Task: All lines from the top of the records below through the line holding "Building Photo - 517", and only those, should be printed exactly, minus the pictures.

Records from a data source:

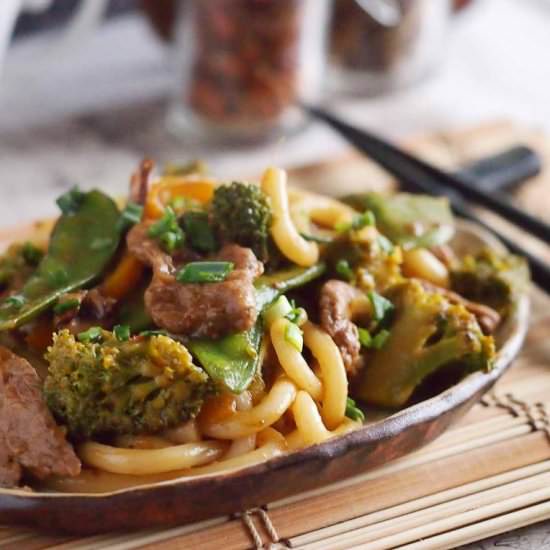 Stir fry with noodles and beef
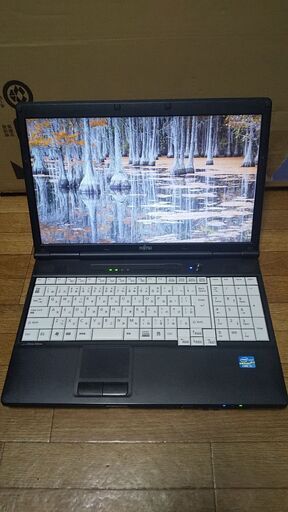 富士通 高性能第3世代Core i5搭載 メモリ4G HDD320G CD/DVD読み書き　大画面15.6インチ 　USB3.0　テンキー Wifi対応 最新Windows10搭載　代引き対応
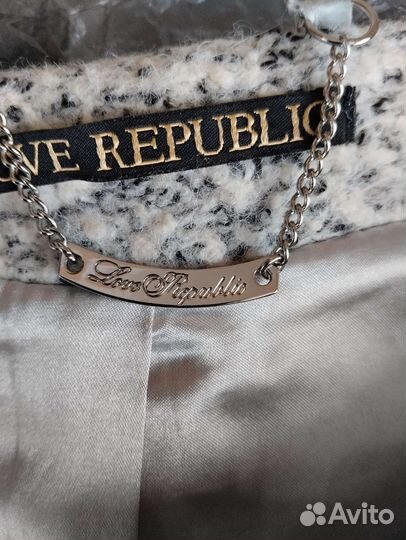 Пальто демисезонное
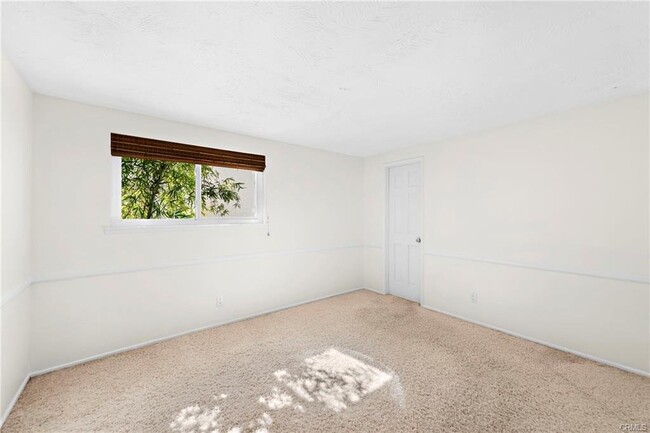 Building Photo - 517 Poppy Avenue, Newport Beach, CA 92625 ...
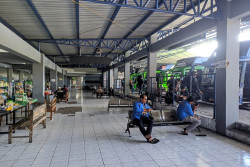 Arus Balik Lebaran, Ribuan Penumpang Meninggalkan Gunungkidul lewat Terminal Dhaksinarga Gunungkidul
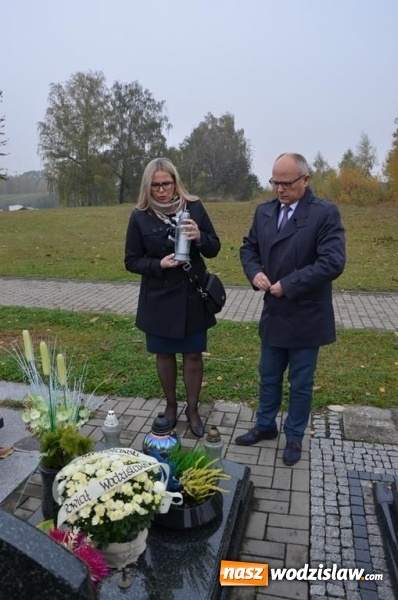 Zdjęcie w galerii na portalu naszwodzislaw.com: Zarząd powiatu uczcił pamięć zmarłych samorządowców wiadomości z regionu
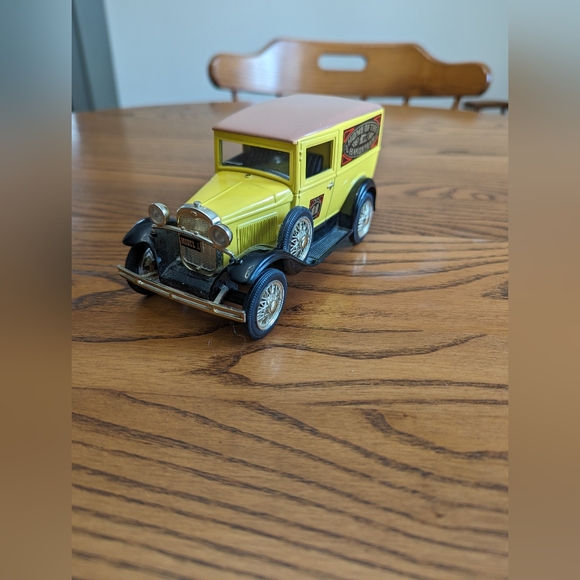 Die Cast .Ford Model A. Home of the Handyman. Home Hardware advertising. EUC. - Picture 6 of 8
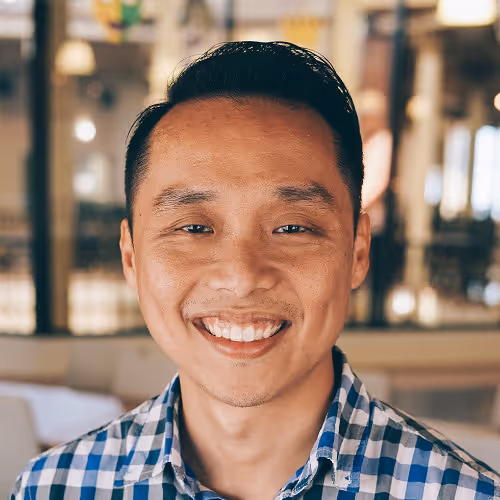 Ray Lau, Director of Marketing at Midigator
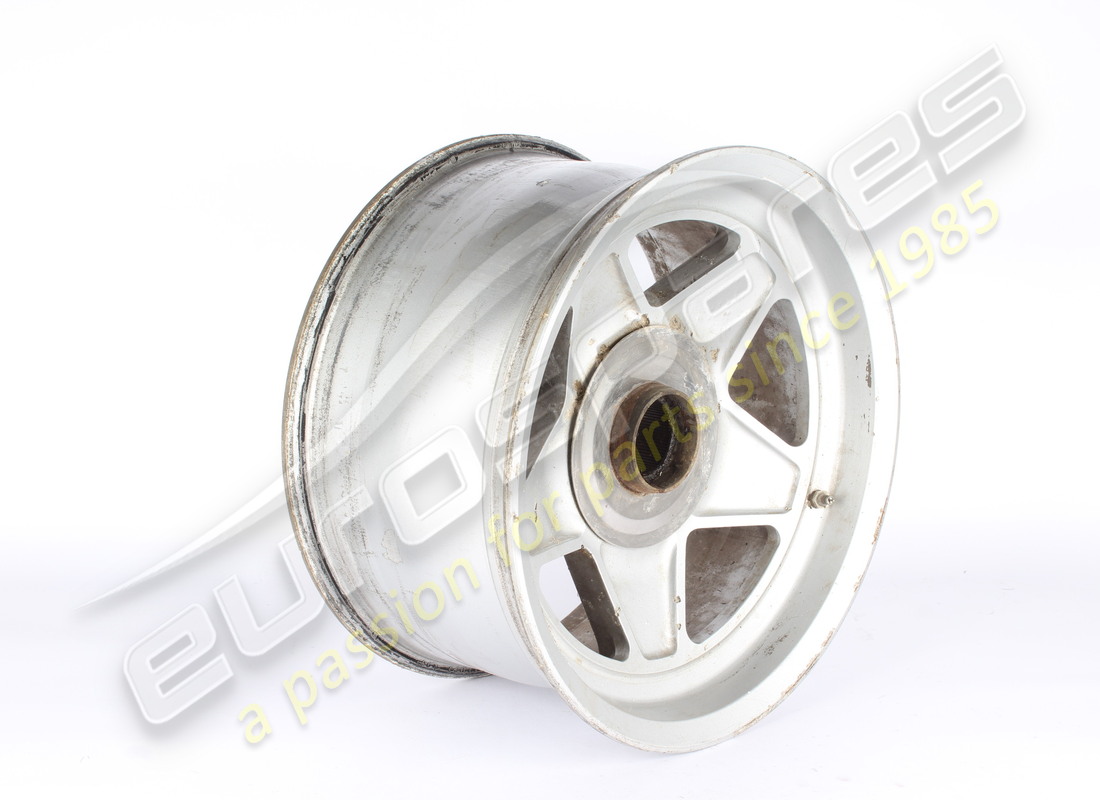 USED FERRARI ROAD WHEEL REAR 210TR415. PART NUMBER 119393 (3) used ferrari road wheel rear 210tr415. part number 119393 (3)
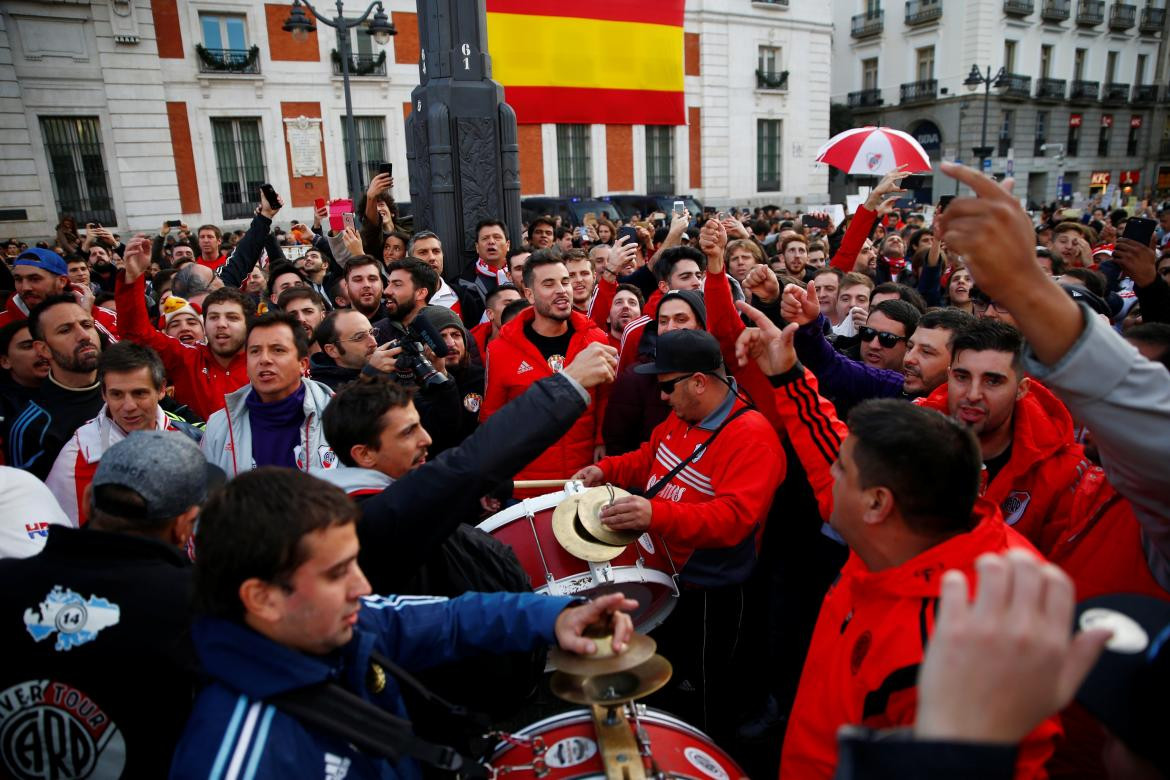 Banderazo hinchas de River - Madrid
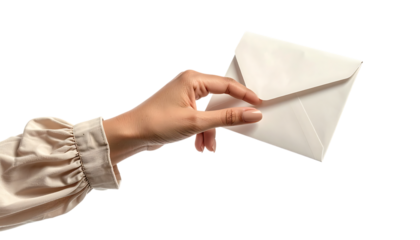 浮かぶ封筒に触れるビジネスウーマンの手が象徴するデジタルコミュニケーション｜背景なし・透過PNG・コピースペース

Written reply:
 Stir fry with noodles and beef
 富士通 高性能第3世代Core i5搭載 メモリ4G HDD320G CD/DVD読み書き　大画面15.6インチ 　USB3.0　テンキー Wifi対応 最新Windows10搭載　代引き対応
 Пальто демисезонное
 Building Photo - 517 Poppy Avenue, Newport Beach, CA 92625 ...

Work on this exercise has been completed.